20150805王位56-3_広瀬vs羽生_横歩22手 で、1日目は…すげえ面白い!!いや~、超一流同士の対局って、やっぱりいいですね!22手目盤面図、僕は後手で△85飛型は指さないので、この形を眺めるときは常に先手目線。最初のころは▲33角成~▲96角の筋一辺倒だったんですが、どうもこれがうまくいかない。というわけで、ここでは▲62玉か▲52玉のどちらかしか指さないのですが…

▲77角(23手目)
 いや~、これは定跡を知らなくたっていかにも指したくなりそうな手だし、また実際によく見るんですが、自分で指さないものだからまったくのうろ覚え(^^;)。おs、この機会に覚えてみて、先手を持って指せるかどうかを見極めよう!

△62銀▲68銀△51金▲69玉
 後手は△41玉型の中原囲い、先手は69に玉をもぐりました。なるほど、先手がこう指すことになると、既に23手目▲58玉や▲68玉には合流できないですね。

△74歩▲59金△73桂▲48銀
 後手は△74歩73桂という、横歩中原囲いの典型的な攻め筋を作りました。一方の先手は、なんだかちょっと変わった左美濃みたいな感じ?いや~、級位者だったら先手陣をつぶすのに手間取ると思うので、これは先手指しやすいと思いますが、実際のところはすでに攻撃態勢を築いている後手のほうが指しやすい?

△65桂
 うおお、羽生さん、いきなり桂を跳ねたああ!!…な~んて驚きましたが、しかし跳ねられてみると、この形、どこかで見たような気も。

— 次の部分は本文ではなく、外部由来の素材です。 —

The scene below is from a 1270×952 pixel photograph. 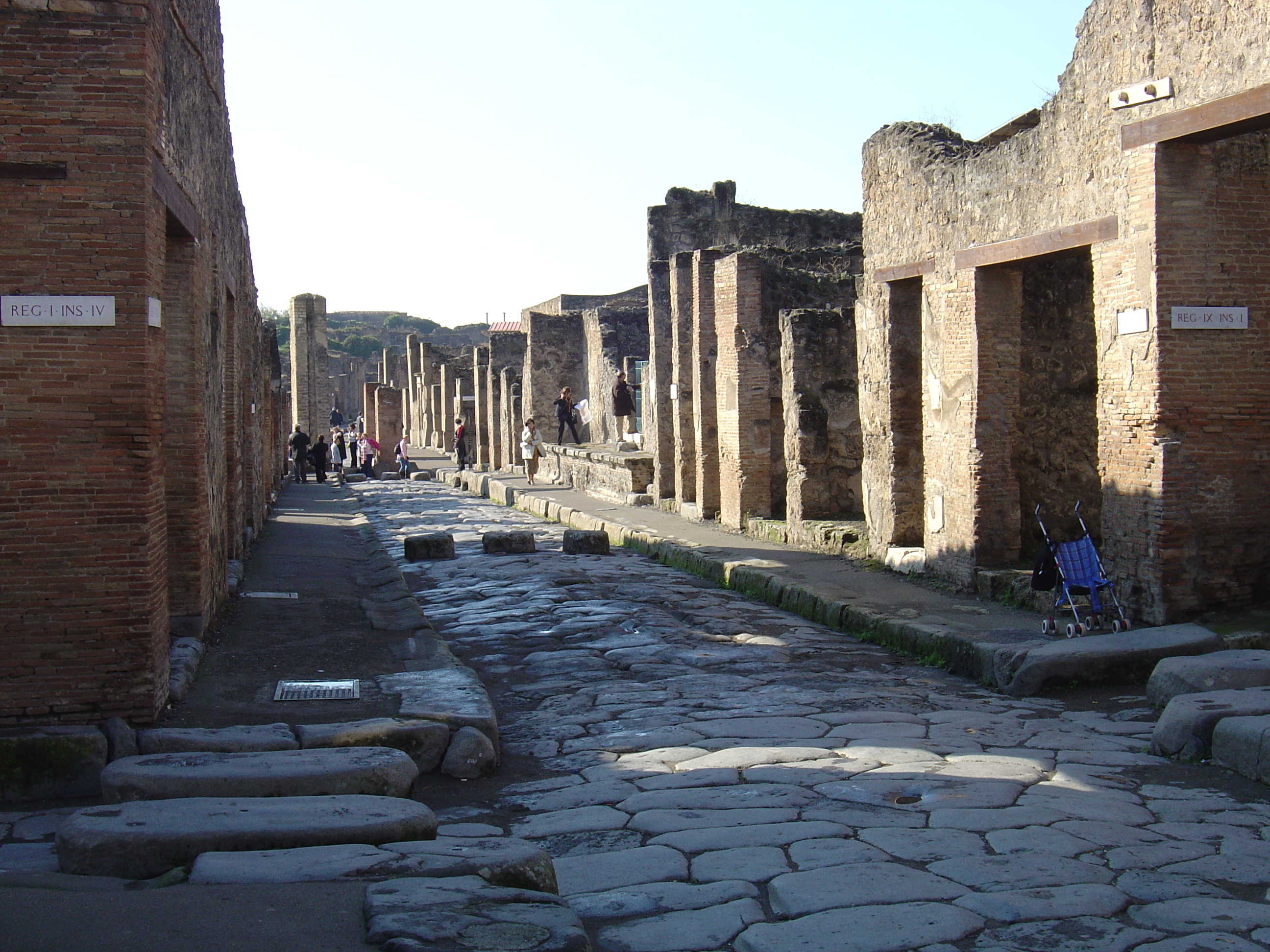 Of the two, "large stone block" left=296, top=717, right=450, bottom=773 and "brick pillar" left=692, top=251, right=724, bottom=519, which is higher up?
"brick pillar" left=692, top=251, right=724, bottom=519

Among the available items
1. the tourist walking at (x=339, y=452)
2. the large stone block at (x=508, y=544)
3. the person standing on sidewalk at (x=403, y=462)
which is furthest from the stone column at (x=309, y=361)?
the large stone block at (x=508, y=544)

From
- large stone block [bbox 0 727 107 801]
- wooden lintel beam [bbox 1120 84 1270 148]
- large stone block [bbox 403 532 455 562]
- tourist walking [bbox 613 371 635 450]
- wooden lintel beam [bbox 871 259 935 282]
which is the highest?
wooden lintel beam [bbox 1120 84 1270 148]

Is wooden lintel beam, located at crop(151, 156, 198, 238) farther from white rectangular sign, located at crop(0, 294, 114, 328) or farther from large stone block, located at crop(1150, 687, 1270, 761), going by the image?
large stone block, located at crop(1150, 687, 1270, 761)

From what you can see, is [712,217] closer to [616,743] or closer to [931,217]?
[931,217]

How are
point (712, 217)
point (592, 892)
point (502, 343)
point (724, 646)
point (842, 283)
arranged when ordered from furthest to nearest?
point (502, 343), point (712, 217), point (842, 283), point (724, 646), point (592, 892)

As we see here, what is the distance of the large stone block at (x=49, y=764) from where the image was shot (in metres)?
4.83

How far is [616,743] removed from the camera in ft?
18.7

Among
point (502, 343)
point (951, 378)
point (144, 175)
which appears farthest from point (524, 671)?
point (502, 343)

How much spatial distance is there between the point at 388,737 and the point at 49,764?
1.34 meters

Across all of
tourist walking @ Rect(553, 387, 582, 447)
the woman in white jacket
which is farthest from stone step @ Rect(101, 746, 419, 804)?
the woman in white jacket

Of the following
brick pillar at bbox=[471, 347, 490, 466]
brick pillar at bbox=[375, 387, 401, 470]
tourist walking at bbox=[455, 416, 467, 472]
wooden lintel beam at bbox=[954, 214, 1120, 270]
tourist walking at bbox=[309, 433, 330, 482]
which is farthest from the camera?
brick pillar at bbox=[375, 387, 401, 470]

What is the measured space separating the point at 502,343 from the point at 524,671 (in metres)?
24.0

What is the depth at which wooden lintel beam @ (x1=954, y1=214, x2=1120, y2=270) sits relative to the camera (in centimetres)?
779

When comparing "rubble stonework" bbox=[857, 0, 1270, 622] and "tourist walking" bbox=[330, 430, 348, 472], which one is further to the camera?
"tourist walking" bbox=[330, 430, 348, 472] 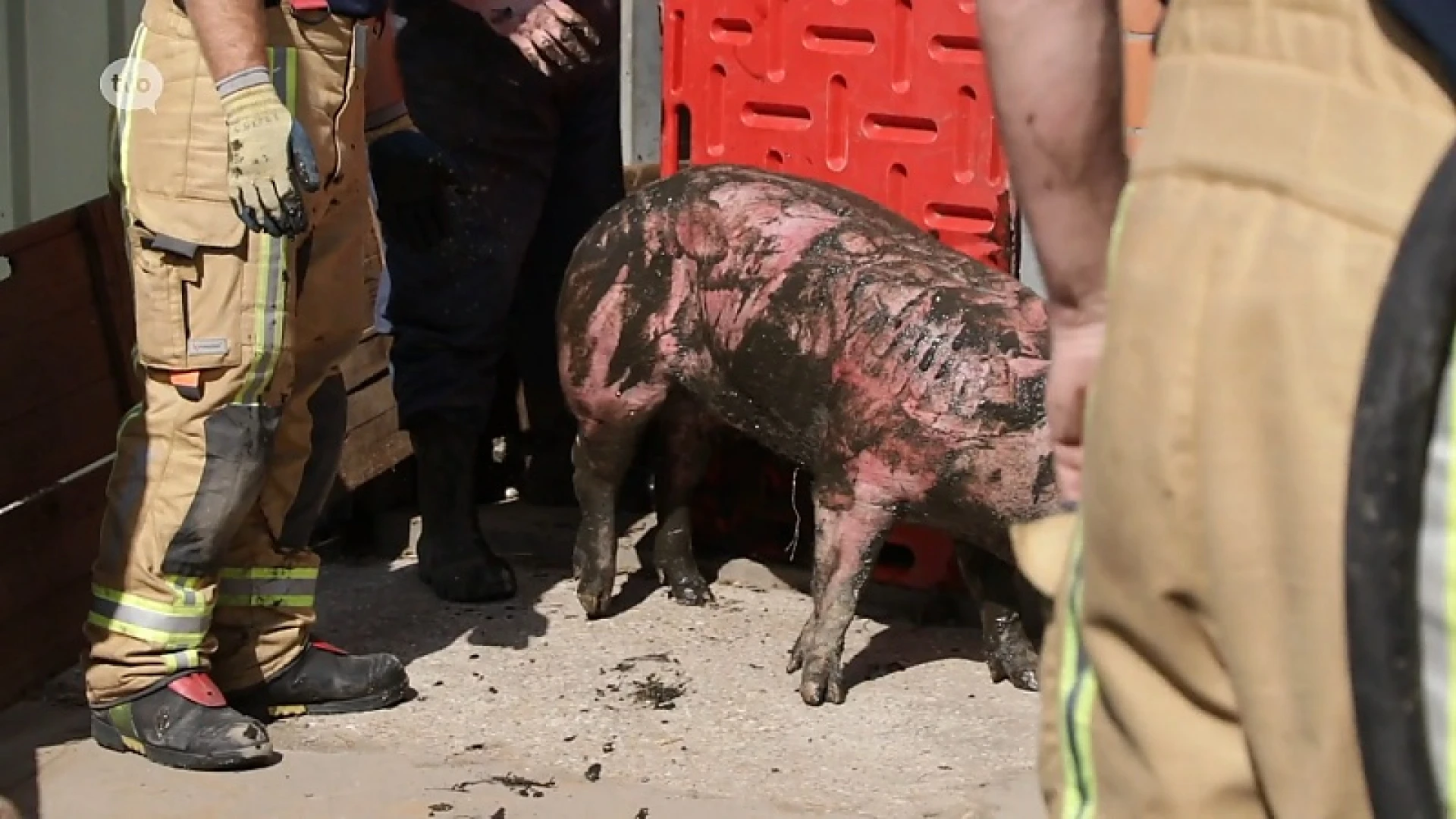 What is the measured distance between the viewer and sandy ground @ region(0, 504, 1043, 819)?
372 centimetres

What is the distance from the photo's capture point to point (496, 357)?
4.93m

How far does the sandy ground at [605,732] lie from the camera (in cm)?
372

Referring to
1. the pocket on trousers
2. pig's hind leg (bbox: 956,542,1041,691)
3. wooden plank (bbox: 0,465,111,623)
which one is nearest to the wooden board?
wooden plank (bbox: 0,465,111,623)

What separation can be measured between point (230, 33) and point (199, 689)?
1.26 metres

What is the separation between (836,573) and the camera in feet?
13.6

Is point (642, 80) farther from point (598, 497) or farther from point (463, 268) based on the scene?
point (598, 497)

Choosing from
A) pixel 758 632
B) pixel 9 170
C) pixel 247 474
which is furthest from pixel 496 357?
pixel 9 170

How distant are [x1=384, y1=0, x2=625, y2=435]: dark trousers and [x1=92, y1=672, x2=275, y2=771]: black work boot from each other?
1196mm

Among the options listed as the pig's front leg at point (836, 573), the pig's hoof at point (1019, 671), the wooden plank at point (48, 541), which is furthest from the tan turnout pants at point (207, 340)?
the pig's hoof at point (1019, 671)

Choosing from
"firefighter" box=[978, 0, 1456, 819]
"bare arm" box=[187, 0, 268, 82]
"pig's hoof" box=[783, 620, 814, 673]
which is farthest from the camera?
"pig's hoof" box=[783, 620, 814, 673]

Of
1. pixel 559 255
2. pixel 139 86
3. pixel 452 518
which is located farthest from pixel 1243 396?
pixel 559 255

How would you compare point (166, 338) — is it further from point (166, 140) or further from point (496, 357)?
point (496, 357)

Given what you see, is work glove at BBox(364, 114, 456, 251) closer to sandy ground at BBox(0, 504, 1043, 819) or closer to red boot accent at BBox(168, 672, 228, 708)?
sandy ground at BBox(0, 504, 1043, 819)

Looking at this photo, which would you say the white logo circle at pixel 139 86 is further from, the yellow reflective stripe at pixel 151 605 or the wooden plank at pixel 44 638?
the wooden plank at pixel 44 638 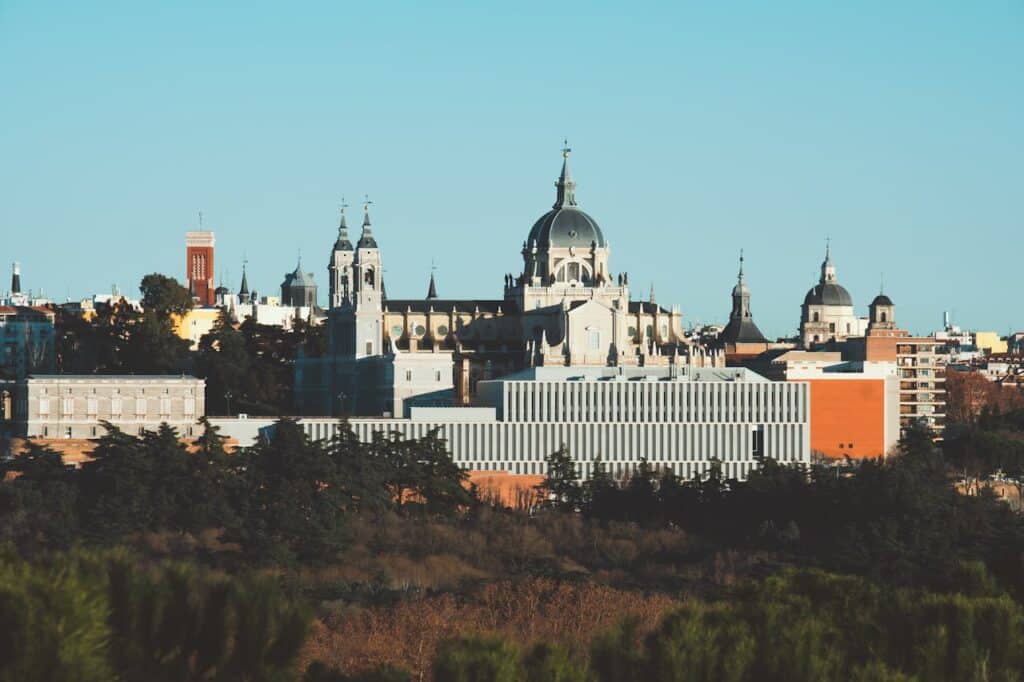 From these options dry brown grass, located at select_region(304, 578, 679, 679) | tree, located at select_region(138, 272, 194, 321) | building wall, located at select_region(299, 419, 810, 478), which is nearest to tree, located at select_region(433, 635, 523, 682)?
dry brown grass, located at select_region(304, 578, 679, 679)

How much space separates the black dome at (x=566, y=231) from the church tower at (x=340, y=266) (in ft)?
39.6

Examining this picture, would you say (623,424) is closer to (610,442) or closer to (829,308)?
(610,442)

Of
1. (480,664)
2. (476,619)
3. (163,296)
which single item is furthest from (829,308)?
(480,664)

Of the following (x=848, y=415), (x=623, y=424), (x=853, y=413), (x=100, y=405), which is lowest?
(x=623, y=424)

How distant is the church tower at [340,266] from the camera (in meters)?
149

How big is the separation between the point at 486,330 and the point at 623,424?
82.9 feet

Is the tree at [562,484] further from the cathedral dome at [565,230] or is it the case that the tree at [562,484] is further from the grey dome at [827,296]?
the grey dome at [827,296]

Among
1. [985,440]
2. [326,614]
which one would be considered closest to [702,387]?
[985,440]

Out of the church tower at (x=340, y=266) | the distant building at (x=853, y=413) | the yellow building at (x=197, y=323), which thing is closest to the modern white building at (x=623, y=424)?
the distant building at (x=853, y=413)

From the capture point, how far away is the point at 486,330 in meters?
150

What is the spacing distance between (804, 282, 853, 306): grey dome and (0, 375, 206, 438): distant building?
230 feet

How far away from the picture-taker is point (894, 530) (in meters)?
88.5

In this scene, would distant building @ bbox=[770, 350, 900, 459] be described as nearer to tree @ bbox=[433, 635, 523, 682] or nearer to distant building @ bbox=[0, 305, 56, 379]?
distant building @ bbox=[0, 305, 56, 379]

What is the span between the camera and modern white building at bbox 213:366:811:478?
124m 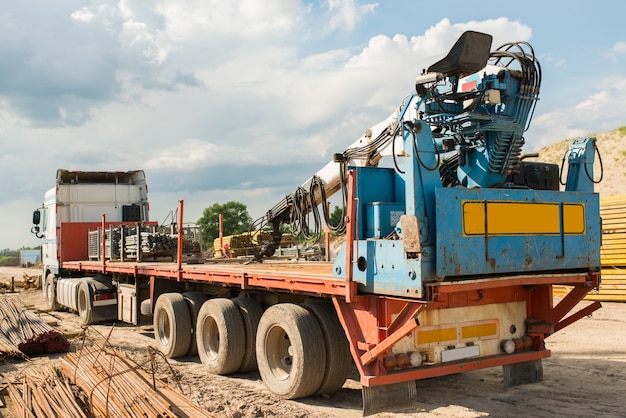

しかしこの桂、すぐに負担になっちゃわないのかしら。先手の選択は、ここで▲33角成と踏み込んで角交換か、あるいは▲66角△同角▲同歩で手順に桂取りをかける順か。

▲66角△同角▲同歩
 広瀬さんの選択は後者。いや~、この桂取りを受けるにはひとつしか手がないと思うんですが…

△44角
 これで飛車取り&桂を取られれば歩の壁がなくなって▲99角成があるという両狙い。しかし、この中盤でこんなに際どい指し方をすることになるのか、いかにも横歩的な一手バッタリのおっかない将棋だなあ。…よし、やっぱり僕は、△85飛型に対して23手目▲77角は指さないことにしよう(^^)。

◆◆◆◆◆◆
 そして、この将棋の本当のすごさは終盤でした。今期一番の驚異の終盤ではないでしょうか?!羽生さんも広瀬さんもとんでもない凄まじさだったのですが…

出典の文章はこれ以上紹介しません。